John, who has a shy smile and a soft voice, asked for help. He said he wanted to go on a “journey to wellness,” Rowe recalled.

“I found that very profound for a 13-year-old. He’s an old soul to have that level of insight about what can I do to change my situation?” said Rowe, who referred John to the Stanford Medicine Children’s Health weight-loss program.

It meant traveling to Palo Alto, 350 miles north, but Karen Tillman said she was ready to do anything.

“His weight was just going up by the minute,” she said.

Sign-ups for the Stanford surgery program have doubled since the release of the AAP guidelines, Pratt said. It’s is among the busiest sites in the U.S., performing more than 50 of the 2,000 pediatric weight-loss surgeries logged each year.

John was fortunate; fewer than 1% of children who qualify for metabolic surgery go through with the procedure. Doctors can be reluctant to refer, and families either don’t know it’s an option or it costs too much, experts said. Fees run upwards of $20,000 and can be as much as $100,000.

John’s surgery was covered by Medi-Cal, California’s Medicaid program, which paid for 47 operations for kids ages 11 to 17 last year, according to state health records. Across the U.S., Medicaid coverage of weight-loss surgery for kids varies significantly by state.

On average, children who receive weight-loss surgery lose about a quarter to a third of their body weight, studies show. But about 25% of kids regain the pounds and need further treatment, Pratt said.

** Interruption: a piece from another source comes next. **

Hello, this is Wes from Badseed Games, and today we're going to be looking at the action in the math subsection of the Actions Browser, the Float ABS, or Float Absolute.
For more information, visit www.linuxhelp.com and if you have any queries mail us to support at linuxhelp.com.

With Wegovy, adolescents lost about 16% of their body mass over nearly 16 months in a clinical trial. Those who take obesity drugs — requests for which have soared at Stanford and nationwide — regain weight once they stop, research shows. Some taking the drugs see potentially serious side effects like gallstones and inflammation of the pancreas.

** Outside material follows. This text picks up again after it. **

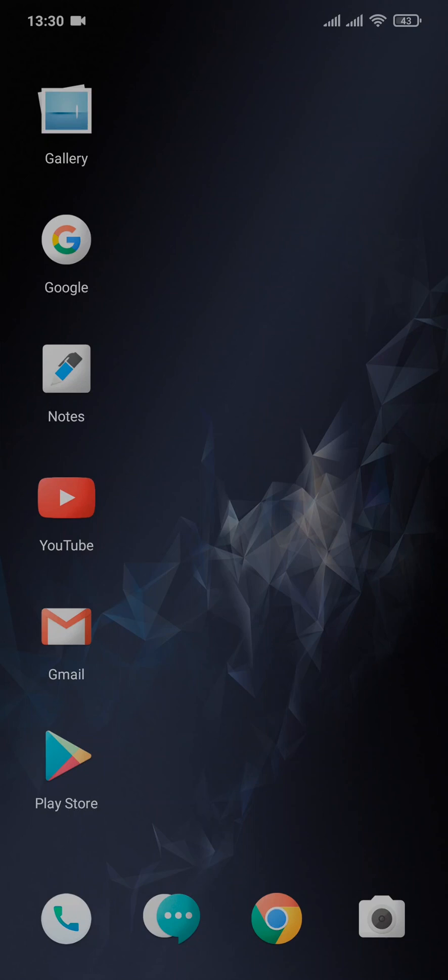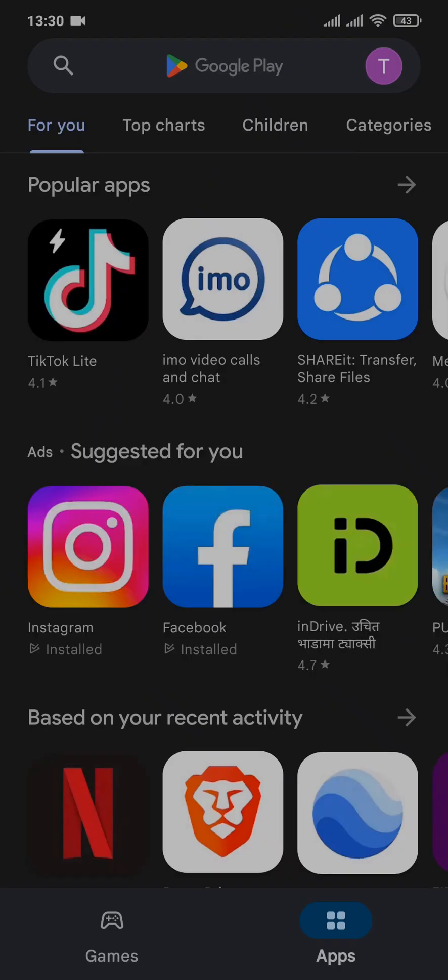Now to download it, you need to head over to the App Store or the Play Store depending upon your device. As I'm on an Android, I've opened up my Play Store.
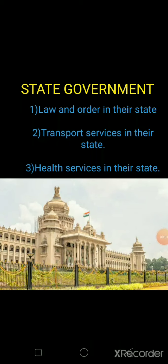Good morning students. Today we are going to discuss about state government and local self-government. In our previous class we discussed about community services.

Edward Kent has responded well to the obesity medication, which has turned off his ravenous appetite “like a light switch,” his mother said. At a recent exam, Edward’s liver function had returned to normal.

John Simon has lost about 35% of his body weight in less than a year. His liver function and insulin resistance have both improved, Pratt said. His arthritis is receding. He’s sleeping better and moving more easily.

John’s struggle still extends past conquering cravings and improving his health. Attacks by bullies got so bad at his middle school, teachers were assigned to walk with him between classes.

“He’s going to come out with some type of hurt,” said John’s pastor, Charles Griffin III of DaySpring Christian Church. “The prayer is that when he does come out of this, he will be stronger.”

John graduated this month from his middle school, where officials wouldn’t comment on steps they took to address the bullying. He’ll go to a charter high school next year that will be smaller and, his mother hopes, more compassionate.

John, now 15, is focused on the future. He has learned to cook healthy meals, like a recent dinner of sauteed shrimp and chard. He works out at a local gym, puts 18,000 steps on his pedometer every day and hopes to study hard to land his dream job as an automotive engineer.

“I just want to live a happy, healthy life,” he said. “Without the pain. And just without the weight.”